Textbook
Gary B. Nash, et al., eds., The American People: Creating a Nation and a Society, 4th ed. (New York: Addison Wesley Longman, Inc., 1998), 479.
As civil war threatened in Kansas, a Brooklyn poet, Walt Whitman, heralded American democracy in his epic poem Leaves of Grass (1855). Whitman identified himself as the embodiment of average Americans "of every hue and caste… of every rank and religion." Ebulliently, Whitman embraced urban mechanics, southern woodcutters, planters' sons, runaway slaves, mining camp prostitutes, and a catalog of others in his poetic celebration of "the word Democratic, the word En-Masse." At the same time, Whitman's faith in the American masses faltered in the mid 1850s. He worried that a knife plunged into the "breast" of the Union would bring on the "red blood of civil war." Inevitably, as Whitman feared, blood flowed in Kansas.
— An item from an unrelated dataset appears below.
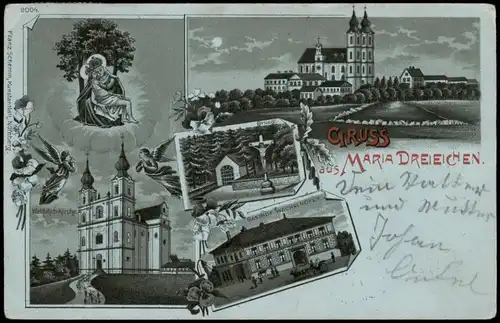 Litho AK Maria Dreieichen Gasthof, Kirchen Gruss aus... Mondschein 1902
In May 1856, supported by a prosouthern federal marshall, a mob entered Lawrence, smashed the offices and presses of a Free-Soil newspaper, fired several cannonballs into the Free State Hotel, and destroyed homes and shops. Three nights later, motivated by vengeance and a feeling that he was doing God's will, John Brown led a small New England band, including four of his sons, to a proslavery settlement near Pottawatomie Creek. There they dragged five men out of their cabins and despite the terrified entreaties of their wives, hacked them to death with swords.